I believe several factors are at play. NYC is a very large city with high population density and a lot of poverty, which makes it conducive to disease spread. But having said that, a significant factor is irresponsible behavior. The governor was initially hesitant to enact restrictions, and our mayor, in contrast with those of other large U.S. cities, was in no hurry to close schools, businesses, or restrict the movement of people. Neither did he apply the rules to himself ‒ he was photographed leaving his gym club during the restriction. Where was his good example?
And the people of the city, especially the young crowd, simply ignored warnings and instructions. On my way to work, I often saw large groups clustering on the sidewalks, near restaurants, and in the parks. Despite the barrage of news about New York being in a major pandemic crisis and constant reminders for people to stay home, I saw photos of crowds of people gathered to see the USNS Comfort hospital ship sailing into New York Harbor. Is it really so important to take that forgettable selfie, risk your health (by selfish choice), and then expect hospitals and medical personnel (who don’t have the option) to risk their lives to save yours? No, that photo is totally not important. But they are not thinking…
April 2
We have exchanged the latest information with Dr. Vytas Vaitkus. He said that while everyone is still talking about a lack of ventilators, a more significant deficit is beginning to emerge. Intensive care units are faced with shortages of essential medications, such as those used by doctors during intubation. This medication is also used to sedate patients on ventilators and prevent them from pulling out the ventilation tubing. Another hospital reported that they are facing a shortage of vasopressor drugs that raise blood pressure in cases of critical hypotension. Other medications are also becoming in short supply. Additionally, patients are dying at an increasing rate with rapid progression from respiratory to kidney and heart failure. Dr. Vaitkus described the admission of patients as having become a game of checkers ‒ an attempt to shuffle beds for new admissions, the critically ill, and the slots in the mortuary when there is no room anywhere. With a tired voice, the young doctor said, “There’s nothing we can do…”
April 21
In a television interview with Lithuania’s “Laisvės TV,” Dr. Vaitkus updated some of his earlier information. He noted that autopsy findings of corona patients now show widespread viral sequelae, with microthrombi in the kidneys, heart, lungs, and other organs. On a positive note, two patients have recovered enough to leave the ICU…
April 28
Dr. Vaitkus shared some upsetting news with his family. His mentor and colleague, pulmonologist Dr. JM died from Covid-19 today. “He was always running around, caring for patients.” He was 62 years old and planning to retire at the end of April.
April 30
At the beginning of April, Dr. Vaitkus’ fiancée Dr. Moseley was diagnosed with the coronavirus. She has recovered and is now back to work. She asked her future in-laws for assistance in getting some N-95 masks for herself. But it’s not like she doesn’t have any. She was issued one… 10 days ago.
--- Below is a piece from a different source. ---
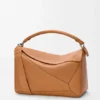 Bolso Puzzle grande en piel de becerro granulada y flexible Bolso Puzzle grande en piel de becerro granulada y flexible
The interviewer’s reflections
This interview describes the situation of patients admitted to the hospital. Of course, not everyone infected with the coronavirus ends up in a hospital and many people successfully recover. But IMHE experts from Washington, DC, predict that 250,000 U.S. deaths are expected. If we fall ill, we cannot know in advance which group of patients we will fall into. So this is why it is necessary to shelter at home and adhere strictly to all movement restrictions. Let’s not place ourselves or our loved ones at risk. Health care workers work under very difficult and dangerous conditions, and they are doing it for others. Let’s not forget that.
Our collective responsibility can be summed up by a very apt saying I heard recently: a choir can only sing pianissimo if every chorister sings that way.